Single by Suicideboys

from the album I Want to Die in New Orleans
- Released: August 1, 2018
- Genre: Southern hip hop; hardcore hip hop; trap;
- Length: 3:23
- Label: G*59
- Songwriter(s): Scott Arceneaux Jr.; Aristos Petrou;
- Producer(s): Budd Dwyer

Suicideboys singles chronology
| "Cutthroat Smile" (2018) | "Carrollton" (2018) | "Meet Mr. Niceguy" (2018) |

= Carrollton (song) =

2018 single by Suicideboys

"Carrollton" is a song by American hip hop duo Suicideboys, released on August 1, 2018, as the lead single from their debut studio album I Want to Die in New Orleans (2018).

==Composition==
The song has been described as a "dirty-south banger with hyper-distorted, deadpanned vocals reminiscent of Marilyn Manson." It opens with an intro from rapper Juicy J and contains distorted bass and "ominous" bells within the beat, with depression and horror-themed lyrics that additionally detail the duo's indulgences in wealth.

==Critical reception==
Devin Ch of HotNewHipHop wrote "The message on 'Carrollton' is a part of a well-aimed contingency to connect with Society's outliers. I should preface that 'connect' is a term imbued with irony.

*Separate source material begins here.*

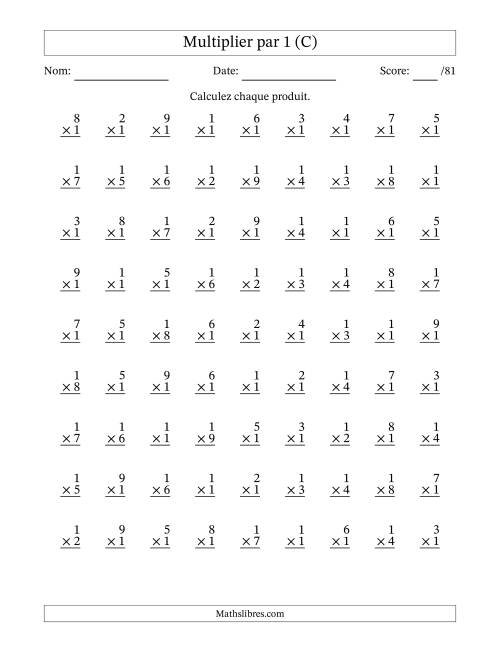 Multiplier (1 à 9) par 1 (81 Questions) (C)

The only thing idiomatic about lyrics like 'slap my face against a pill to crush it up' is the non-compliance act you the listener wrote into the script."

==Samples==
The song consists of a construction kit Drip 808 Drop by Big Citi Loops.

==Certifications==

Certifications for "Carollton"
| Region | Certification | Certified units/sales |
| United States (RIAA) | Gold | 500,000^{‡} |
^{‡} Sales+streaming figures based on certification alone.